Will Siderov be unhorsed?
On a day commemorating Bulgarian national hero Hristo Botev, who died during the struggle for liberation from Ottoman rule, the somewhat more diminutive in stature Volen Siderov paraded – uninvited – astride a jet-black horse.
Apart from the fact that Siderov is beardless and rather short, it was a scene reminiscent of his fellow ultra-nationalist, the late Afrikaner Resistance Movement leader Eugene Terreblanche. That late Terreblanche, like Siderov a chauvinistic buffoon, famously fell off his horse (literally; political decline, deepening ridicule and an undignified death followed later); amid the heightened emotions of Bulgaria’s current political crisis, which Siderov seems determined to heighten to a dangerous degree, it must be asked when the inevitable moment will come that Siderov falls off his.

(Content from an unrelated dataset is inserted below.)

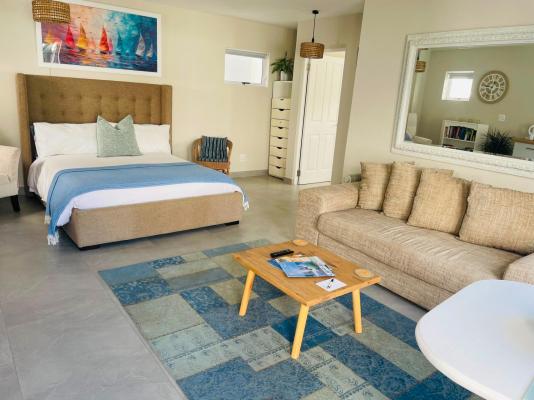Adrift Guesthouse - 283719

Siderov made Bulgaria’s current widely-rejected government possible. He provided the vote needed for the quorum that put the Bulgarian Socialist Party and Movement for Rights and Freedoms cabinet ministers and, later, regional governors in power.
Since then, Siderov has been marching to and fro, emitting ever-more hysterical messages, caught up in confrontations and performing a bizarre political act of theatre in which the man who holds sway over the socialist government also distances himself from it, who portrays his minority party as a truer representative of Bulgaria than the many thousands who come to the streets daily to reject him and the rulers with which he is associated.